29. De rechtbank ziet in de ontstane patstelling, waarbij eiser zich geruime tijd in bewaring bevindt op de Dublingrondslag, terwijl door de opschortende werking van de rechtsmiddelen geen maximumduur voor de inbewaringstelling geldt zolang geen uitspraak is gedaan en waardoor verweerder niet bevoegd is om uitvoering te geven aan het claimakkoord, aanleiding om tot opheffing van de maatregel over te gaan en eiser in vrijheid te stellen. De rechtbank acht gelet op de thans ontstane situatie de voortduring van de maatregel bij afweging van alle daarbij betrokken belangen in redelijkheid niet gerechtvaardigd.

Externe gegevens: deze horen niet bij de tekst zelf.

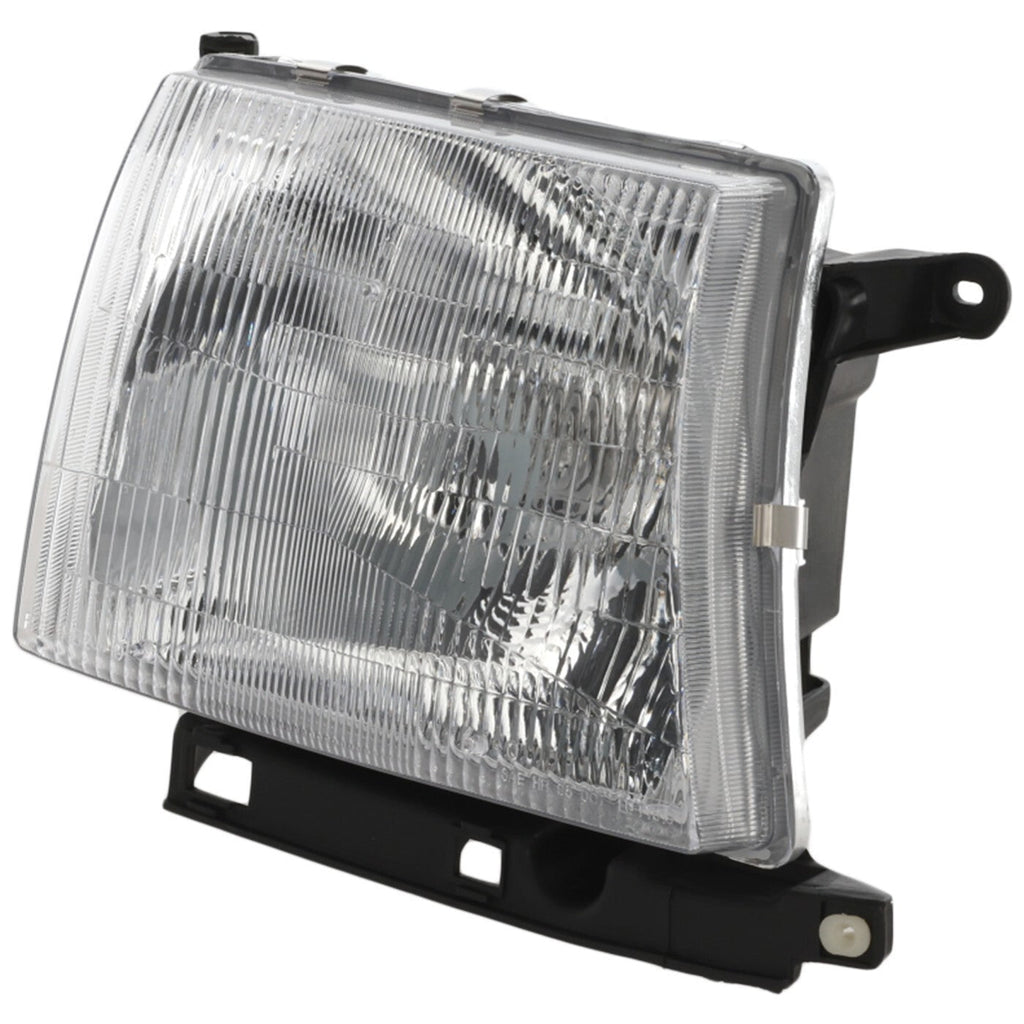 Headlight Assembly Set For 1997-2000 Toyota Tacoma Left and Right With Bulb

30. De rechtbank heeft in de uitspraak van de rechtbank van 9 december 2022 overwogen dat niet aannemelijk is dat het hoger beroep niet binnen zes weken ná 21 november 2022 zal worden afgerond. De rechtbank stelt nu vast dat deze op zich zelf terechte veronderstelling onjuist is gebleken. De rechtbank zal, gelet op de uitspraak van 9 december 2022, bepalen dat de voortduring van de maatregel met ingang van 3 januari 2023, te weten zes weken ná 21 november 2022, onrechtmatig is (geweest). De termijn van zes weken volgt weliswaar niet uit de Dublinverordening als maximale bewaringstermijn in deze specifieke situatie, maar is wel door de rechtbank benoemd in haar overwegingen om op dat moment ten tijde van de eerdere rechtmatigheidsbeoordeling de maatregel rechtmatig te achten. De rechtbank overweegt hierbij tot slot dat uit het aanvullende ambtshalve rechtmatigheidsonderzoek van de voortduring van de maatregel niet blijkt van onrechtmatigheden in de te toetsen periode voorafgaand aan 3 januari 2022, zodat de voortduring tot 3 januari 2023 niet onrechtmatig is geweest.
31. Op grond van artikel 106 van de Vw 2000 kan de rechtbank indien zij de opheffing van de maatregel van bewaring beveelt aan eiser een schadevergoeding ten laste van de Staat toekennen. De rechtbank acht gronden aanwezig om een schadevergoeding toe te kennen voor de periode dat eiser in bewaring heeft verbleven van 3 januari 2023 tot en met de dag van invrijheidstelling op 13 januari 2023 en zal bepalen dat eiser aanspraak maakt op een bedrag van € 1.100,- (11 x € 100,- bij verblijf detentiecentrum).
32. De rechtbank ziet gelet op de gegrondverklaring van het beroep aanleiding voor een proceskostenveroordeling. Deze kosten stelt de rechtbank op grond van het Besluit proceskosten bestuursrecht van de door een derde beroepsmatig verleende rechtsbijstand vast op € 837,00 (1 punt voor het indienen van het beroep, met een waarde per punt van
€ 837,00 en een wegingsfactor 1).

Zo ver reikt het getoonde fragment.